_Dataset content_.
★ ★ ★ ★ ★

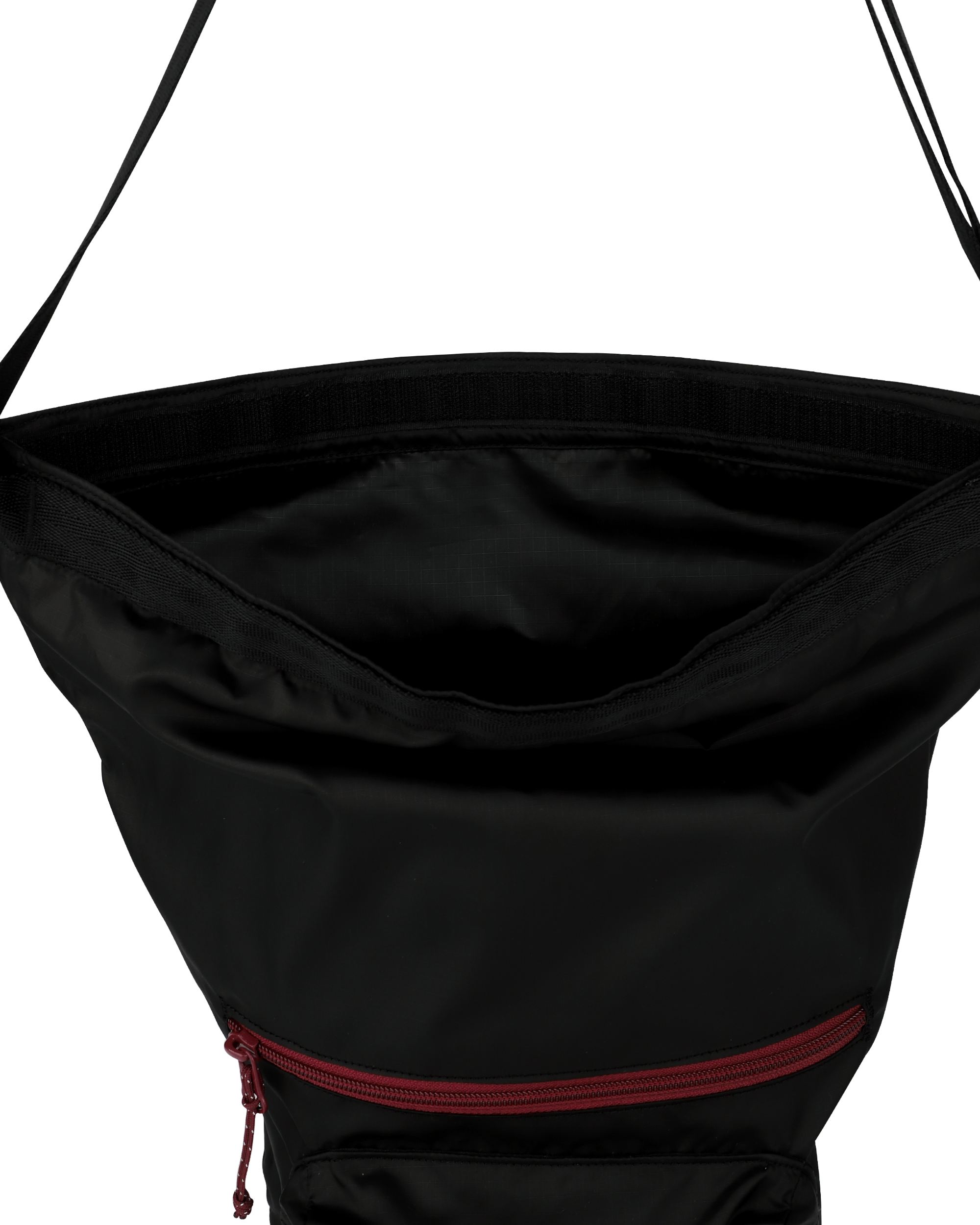 yeseyesee - Y.E.S Roll Top Cross Bag (Black) product image 7 | TRAB K-Fashion Australia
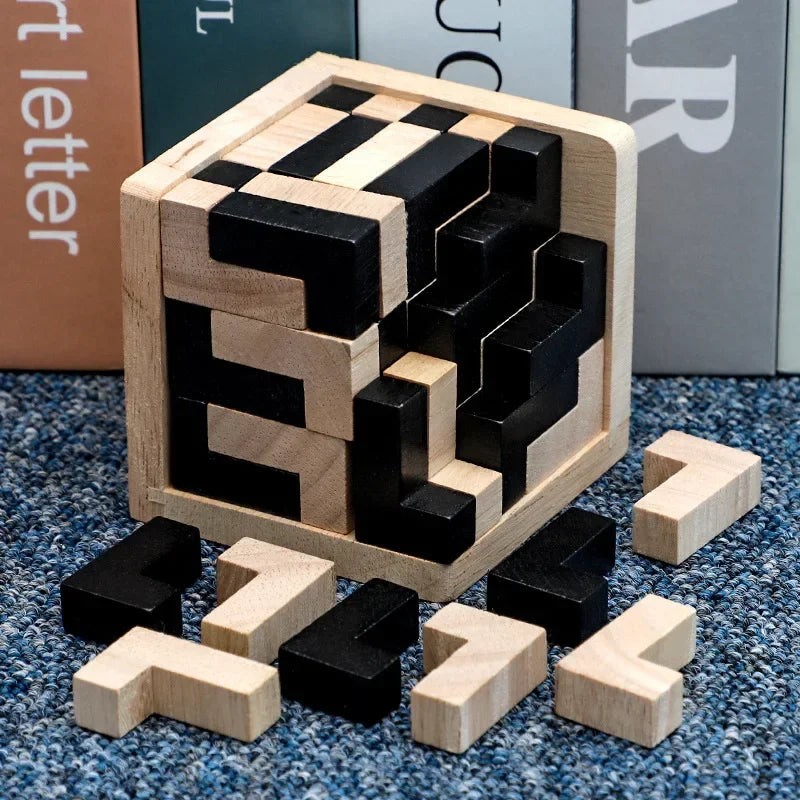 Creative 3D Wooden Puzzle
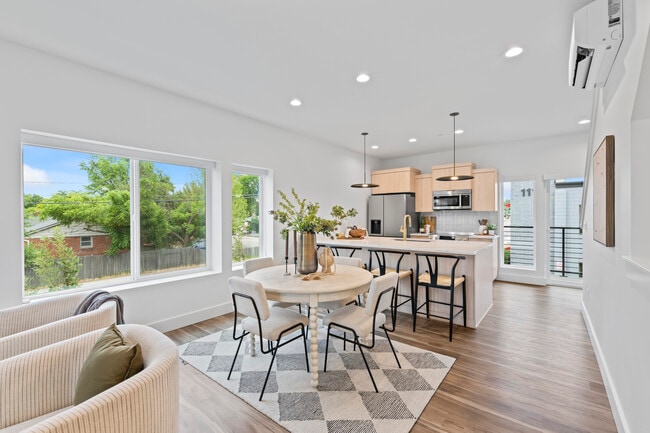 Dining & Kitchen (open floorplan) - OPEN HOUSE 8/14 & 8/16 1pm-4pmUptown 8 Condos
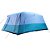 Barraca de Camping Guepardo Family Titan Nautika Coluna d'água de 2000mm Cinza/Verde 41005-MR - Imagem 2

★ ★ ★ ★ ★

_The task_. Nothing but the lines from the one that contains "Dining & Kitchen" through the end of the material above is to be reproduced, exactly and without pictures.

_Reply to the exercise_.
 Dining & Kitchen (open floorplan) - OPEN HOUSE 8/14 & 8/16 1pm-4pmUptown 8 Condos
 Barraca de Camping Guepardo Family Titan Nautika Coluna d'água de 2000mm Cinza/Verde 41005-MR - Imagem 2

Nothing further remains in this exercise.